Tuesday, 29 March 2011


I was in a pharmacist’s shop today. Pharmacists like to portray themselves as skilled and highly trained medical professionals, able to give consultations and advice on a wide range of minor medical conditions. This impression is strongly promoted on the web site of the Royal Pharmaceutical Society.

This impression is however somewhat spoiled when you walk into a pharmacists. The one I went into today was a typical example. Three prominent displays in particular. One was for homeopathic products, and another selling magnetic bracelets. The third was for minoxidil for hair loss, claiming a 90% success rate. In fact a study in the Lancet in 1987 showed only a 10% success rate.

The impression I gained was less of a reputable and ethical medical professional, and more that of a snake oil salesman, peddling his quack wares.

Well pharmacists, you can’t have it both ways. If you want the status of an ethical professional, then you have to show some ethics. And as long as you promote quackery for financial gain then you are no more than jumped up grocers, with all the integrity of Arkwright.


  1. A bit like doctors who get paid QOF bonuses to overdiagnose depression and treat it with drugs that are shown to be no better than placebos?

  2. Or pharmacists who happily accept payment from the same health system for performing a tick box "health check" knowing they can pass anyone with the slightest problem to the local GP.
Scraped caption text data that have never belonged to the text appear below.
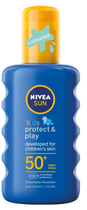 Спрей для дітей Nivea Sun Kids Protect & Play зволожувальний захист на сонці SPF 50 200 мл (4005808856671) - зображення 1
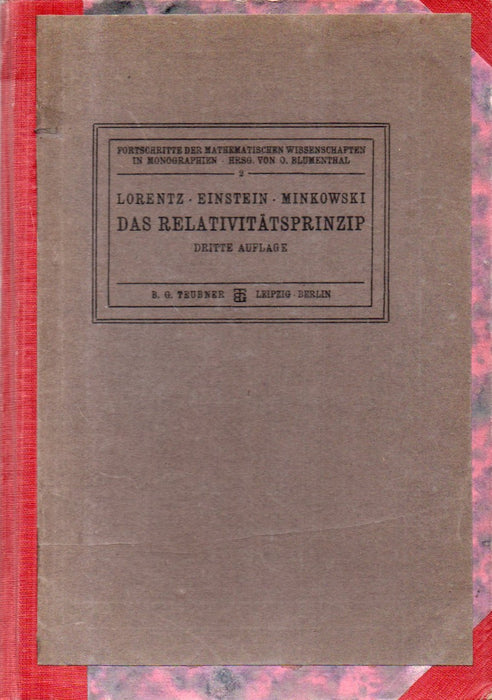 Das Relativitätsprinzip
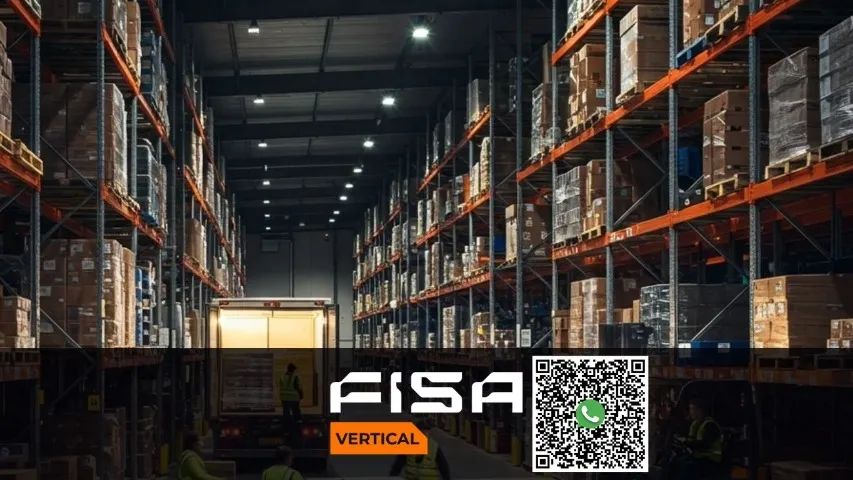 Mini Porta Pallet em (Brusque)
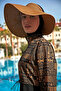 Remsa Parachute Fully Covered Hijab Swimsuit R4801 Duygu - 4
  3. FWIW the incentive is NOT to diagnose depression as that means you have to do a formal depresion tick box assessemtn and then ANOTHER one in 3 months time... otherwise you LOSE QOF points. Most of us are incentivised NOT to prescribe too. I've spent the last few weeks trying various codes for "stress" rather than depression in th efull knowledge that after a natter and a DNA'd referral to the CPN they ain't coming back for the second one anyway.

  4. Jeez... just looked at my attempt to write "assessment"... seems the dyslexia is playing up again.